[Records Boundary: Start]
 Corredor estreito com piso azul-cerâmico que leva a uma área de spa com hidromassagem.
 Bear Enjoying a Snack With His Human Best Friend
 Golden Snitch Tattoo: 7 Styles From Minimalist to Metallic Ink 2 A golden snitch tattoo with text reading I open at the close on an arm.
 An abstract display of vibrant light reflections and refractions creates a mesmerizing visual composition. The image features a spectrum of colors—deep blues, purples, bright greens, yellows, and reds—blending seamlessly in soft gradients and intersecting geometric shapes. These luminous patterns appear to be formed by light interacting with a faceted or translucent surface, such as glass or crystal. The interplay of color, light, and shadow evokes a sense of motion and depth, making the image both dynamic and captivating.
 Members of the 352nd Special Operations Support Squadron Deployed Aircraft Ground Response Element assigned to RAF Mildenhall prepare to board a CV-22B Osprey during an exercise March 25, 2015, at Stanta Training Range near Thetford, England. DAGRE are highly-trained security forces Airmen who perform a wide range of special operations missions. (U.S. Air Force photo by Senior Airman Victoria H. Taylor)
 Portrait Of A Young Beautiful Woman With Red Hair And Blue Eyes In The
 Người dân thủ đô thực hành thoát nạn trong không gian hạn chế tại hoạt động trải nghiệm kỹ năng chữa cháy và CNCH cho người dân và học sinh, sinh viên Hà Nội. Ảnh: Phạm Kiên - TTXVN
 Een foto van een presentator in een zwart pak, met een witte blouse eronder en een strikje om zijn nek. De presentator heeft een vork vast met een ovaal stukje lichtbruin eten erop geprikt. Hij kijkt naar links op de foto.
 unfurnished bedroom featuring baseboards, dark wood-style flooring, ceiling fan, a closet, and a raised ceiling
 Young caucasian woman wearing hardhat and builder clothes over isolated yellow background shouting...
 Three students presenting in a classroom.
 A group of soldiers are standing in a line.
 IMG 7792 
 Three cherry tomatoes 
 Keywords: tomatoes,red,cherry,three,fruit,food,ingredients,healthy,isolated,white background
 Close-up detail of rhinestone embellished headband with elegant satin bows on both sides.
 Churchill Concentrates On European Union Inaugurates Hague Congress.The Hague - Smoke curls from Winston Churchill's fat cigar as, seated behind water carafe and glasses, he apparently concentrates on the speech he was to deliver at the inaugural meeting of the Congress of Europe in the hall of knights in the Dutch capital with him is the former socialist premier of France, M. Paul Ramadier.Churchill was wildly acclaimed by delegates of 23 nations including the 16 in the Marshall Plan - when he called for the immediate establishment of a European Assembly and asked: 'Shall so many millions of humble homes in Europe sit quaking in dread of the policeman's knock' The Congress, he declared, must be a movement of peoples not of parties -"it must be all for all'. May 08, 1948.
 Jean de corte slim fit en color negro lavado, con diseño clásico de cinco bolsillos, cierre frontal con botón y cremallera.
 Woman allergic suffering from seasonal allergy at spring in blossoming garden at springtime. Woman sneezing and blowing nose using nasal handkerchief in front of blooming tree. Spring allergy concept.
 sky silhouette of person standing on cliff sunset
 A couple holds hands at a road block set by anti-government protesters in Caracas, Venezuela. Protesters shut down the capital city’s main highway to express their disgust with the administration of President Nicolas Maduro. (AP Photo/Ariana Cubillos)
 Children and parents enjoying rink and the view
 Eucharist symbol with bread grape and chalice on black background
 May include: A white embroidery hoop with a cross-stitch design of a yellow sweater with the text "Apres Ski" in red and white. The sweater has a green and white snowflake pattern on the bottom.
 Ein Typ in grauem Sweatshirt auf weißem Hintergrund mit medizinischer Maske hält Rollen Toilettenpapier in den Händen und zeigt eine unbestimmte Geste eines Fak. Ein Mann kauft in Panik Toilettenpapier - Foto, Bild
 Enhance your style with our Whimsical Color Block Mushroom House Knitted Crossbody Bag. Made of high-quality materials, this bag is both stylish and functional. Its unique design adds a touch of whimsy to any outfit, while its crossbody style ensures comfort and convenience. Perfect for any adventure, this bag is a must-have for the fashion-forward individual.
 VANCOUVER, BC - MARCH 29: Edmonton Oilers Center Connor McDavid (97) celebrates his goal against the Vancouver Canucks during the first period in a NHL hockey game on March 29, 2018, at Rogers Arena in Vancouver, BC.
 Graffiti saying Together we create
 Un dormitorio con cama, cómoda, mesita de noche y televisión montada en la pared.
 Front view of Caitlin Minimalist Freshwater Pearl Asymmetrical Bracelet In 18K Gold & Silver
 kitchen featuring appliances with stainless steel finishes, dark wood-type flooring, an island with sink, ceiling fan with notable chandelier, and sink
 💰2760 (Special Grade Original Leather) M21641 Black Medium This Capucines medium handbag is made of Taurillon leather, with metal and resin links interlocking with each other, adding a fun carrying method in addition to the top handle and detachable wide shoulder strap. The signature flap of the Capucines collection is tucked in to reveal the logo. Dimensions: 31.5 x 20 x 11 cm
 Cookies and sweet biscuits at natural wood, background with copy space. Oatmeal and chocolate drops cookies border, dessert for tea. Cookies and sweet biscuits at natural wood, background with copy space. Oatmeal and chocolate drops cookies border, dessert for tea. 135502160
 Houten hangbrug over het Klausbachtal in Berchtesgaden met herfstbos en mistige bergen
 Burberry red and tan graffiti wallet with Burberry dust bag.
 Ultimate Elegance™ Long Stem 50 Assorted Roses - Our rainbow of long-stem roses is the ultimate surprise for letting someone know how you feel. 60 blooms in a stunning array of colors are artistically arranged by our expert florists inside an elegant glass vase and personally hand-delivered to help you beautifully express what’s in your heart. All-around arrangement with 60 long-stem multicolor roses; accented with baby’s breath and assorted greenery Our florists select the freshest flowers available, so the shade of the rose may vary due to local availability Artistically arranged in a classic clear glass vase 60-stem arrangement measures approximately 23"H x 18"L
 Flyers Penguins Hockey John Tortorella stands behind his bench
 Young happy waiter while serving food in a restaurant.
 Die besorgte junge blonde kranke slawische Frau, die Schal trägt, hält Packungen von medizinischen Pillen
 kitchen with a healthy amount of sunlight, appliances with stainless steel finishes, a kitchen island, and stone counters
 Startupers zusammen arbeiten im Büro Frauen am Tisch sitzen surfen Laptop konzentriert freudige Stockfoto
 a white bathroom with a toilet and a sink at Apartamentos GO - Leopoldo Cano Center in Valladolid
[Records Boundary: End]
Exercise requirements: The string "Minimalist" shows up in some lines of the listing. Copy each such line.

Solved problem:
 Golden Snitch Tattoo: 7 Styles From Minimalist to Metallic Ink 2 A golden snitch tattoo with text reading I open at the close on an arm.
 Front view of Caitlin Minimalist Freshwater Pearl Asymmetrical Bracelet In 18K Gold & Silver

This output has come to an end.